Soy musulmán. Mi posible suegro, Bob, es cristiano evangélico. Yo quería pasar el resto de mi vida con su hija, Jillian, pero Bob tenía serias dudas sobre eso.
“¿Y si ejerce su hombría musulmana contra ti?”, le preguntó a Jillian.
Cuando Jillian me contó el comentario de su padre, pensé: “Casi ni tengo hombría. ¿Cómo voy a tener una hombría musulmana?”.
En 2013, llevaba poco más de un año saliendo con Jillian. Ella hizo que yo pudiera soportar la facultad de Medicina en la Universidad de Wisconsin, donde durante el tercer año nos asignaron al mismo hospital para nuestra rotación de psiquiatría.

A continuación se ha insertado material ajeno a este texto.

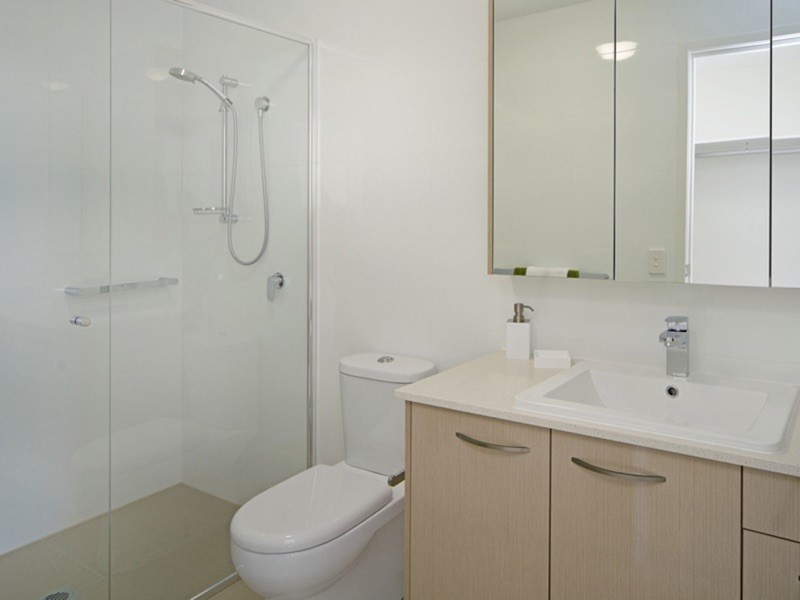 303/14 Bruce Avenue, Paradise Point QLD 4216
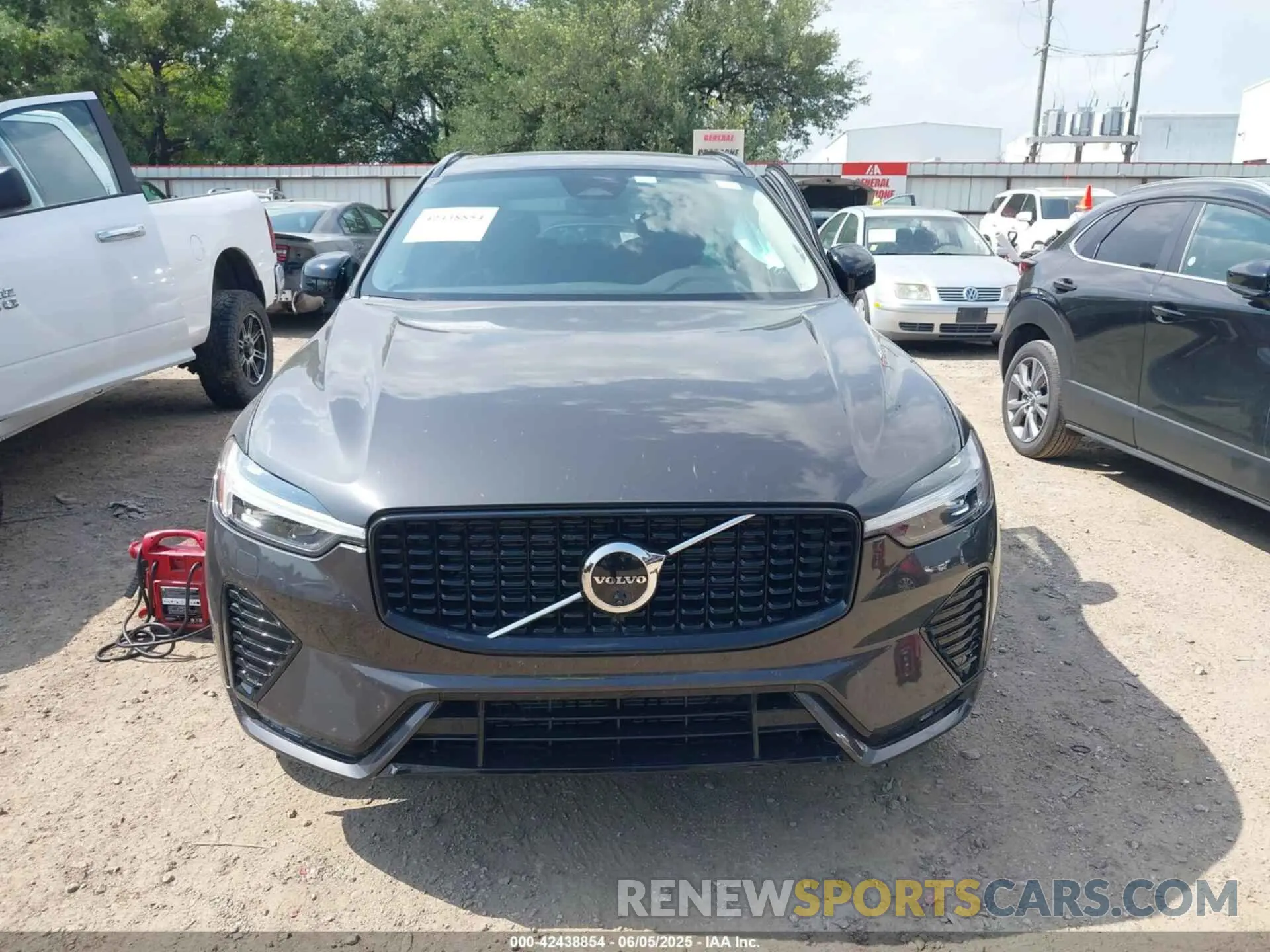 12 Photograph of a damaged car YV4M12RC0S1172417 VOLVO XC60 2025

Cuando terminamos allí, Jillian organizó una fiesta cuya temática fue el cubo de Rubik: me cambié de ropa con otros compañeros y acabé vestido completamente de amarillo, incluyendo unas mallas amarillas nada favorecedoras.
No me le había insinuado durante la fiesta, así que me quedé un rato más cuando todos se fueron, y me ofrecí a ayudar a limpiar. Antes de que me diera cuenta, las compañeras de piso de Jillian estaban dormidas y yo estaba sentado en el sofá a solas con ella, hablando sobre lo que ella debía decir en el funeral de su abuelo al día siguiente. Creo que le di un buen consejo; al final de la noche, nos besamos.
Durante los meses siguientes, tuvimos una serie de citas por todo el estado de Wisconsin mientras realizábamos nuestras diferentes rotaciones clínicas. Cuando terminaba los días en el servicio de cirugía general en Madison, me encontraba con Jillian fuera de la biblioteca de la facultad de Medicina y hablábamos de nuestros pacientes. Los días eran largos, me despertaba a las 3 a. m., pero siempre me hacía ilusión verla. Fue en esos momentos cuando pensé que podría hacer esto el resto de mi vida.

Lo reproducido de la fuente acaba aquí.